Foi às vésperas da aposentadoria que surgiu outro chamado: o da escrita. Incentivado por colegas do quartel, Nelson lançou seu primeiro livro, Universo, composto por poesias que retratam o cotidiano, a espiritualidade, o amor e, principalmente, a dor que nunca esqueceu: a perda do irmão, o 3º sargento Luiz Fernando de Carvalho, morto em ação na década de 1980. “Não tenho pretensão de ser chamado poeta. Dom é coisa inata. Mas, quando junto palavras, me esforço para formar rimas e versos significativos”, disse Nelson, afirmando que aproximadamente mil livros foram produzidos. Somente no dia do evento de lançamento, foram vendidos 800 exemplares da obra.
Hoje, com cerca de 900 poemas escritos e revisados, ele prepara um segundo livro. “As poesias são mais profundas, mais para dentro. Falam com o coração. São sentimentais, inspiradas por Deus e pelos acontecimentos do dia a dia.”
Entre todos os seus escritos, há um que Nelson carrega como uma cicatriz que, embora feche, nunca desaparece. Tributo a um Guerreiro nasceu no chão de um cemitério, sobre um pedaço de papel de cimento, escrito com uma caneta emprestada, enquanto lavava o túmulo do irmão. Ele recorda com voz firme, mas embargada: “Tive lapsos de memória por quatro meses após a morte dele. Quando voltei ao cemitério, senti uma inspiração tão grande que precisei escrever.”

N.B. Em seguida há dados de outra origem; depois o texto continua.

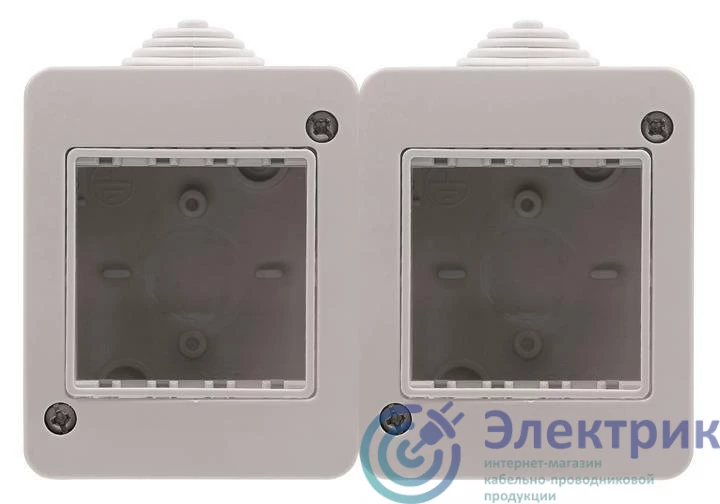 ABB 2CLA329210N1101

E então surgiram versos que, anos mais tarde, emocionariam até pessoas desconhecidas, como uma mulher da Bahia que pediu autorização para usar o poema em seu TCC.
O trecho a seguir, solicitado por Nelson, revela o coração aberto de quem transformou dor em arte: “Venci, meu Deus, os preconceitos que atormentavam o meu ser, aprendi a conviver com meus defeitos, distinguindo o querer do não poder. Aprendi, Senhor, que a vida é controlada pelo vosso querer; às vezes torna-se sofrida, porém algo fizemos por merecer. Queria tanto que estivesse hoje aqui, comigo agora, e me explicasse, se desse, por que tão cedo foi embora. Que adianta ter uma vida que esperança não nos traz? É tentarmos ir à frente caminhando para trás.”

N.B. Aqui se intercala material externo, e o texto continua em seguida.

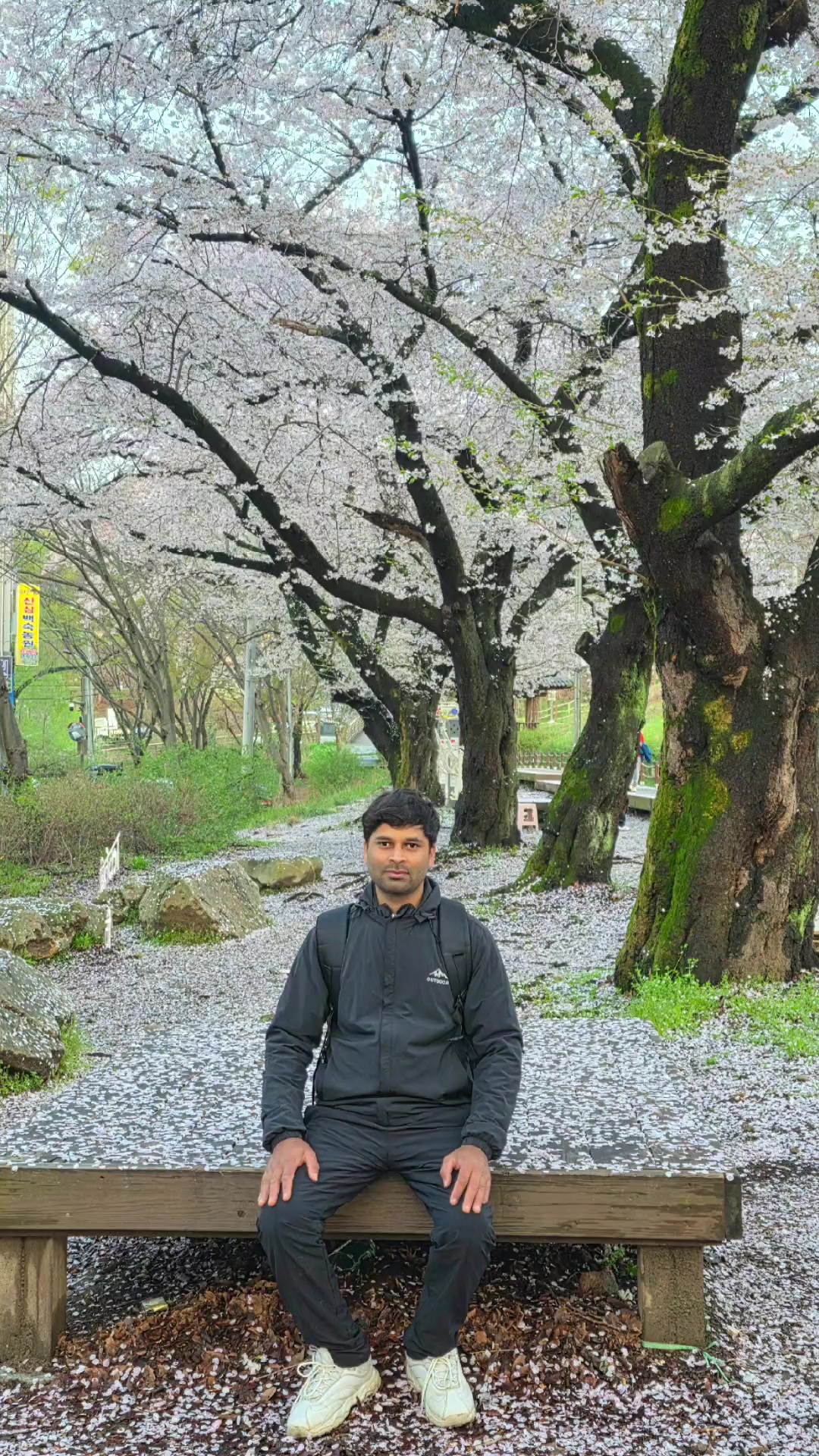 @surya_paudel123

Pai presente, avô dedicado e marido companheiro, Nelson fala com carinho dos filhos e da neta de oito anos, Eloá, que cria como filha. O segundo livro já está em fase de organização e deve ser lançado no próximo ano, dependendo de patrocínios culturais. A sargento Jucá, presidente do Grêmio Rotam, tem ajudado na busca por apoio institucional. “A ideia é ter um livro novo, com poesias que tocam o coração. E, quando formos lançar, você me avisa, porque queremos chamar a imprensa para cobrir.”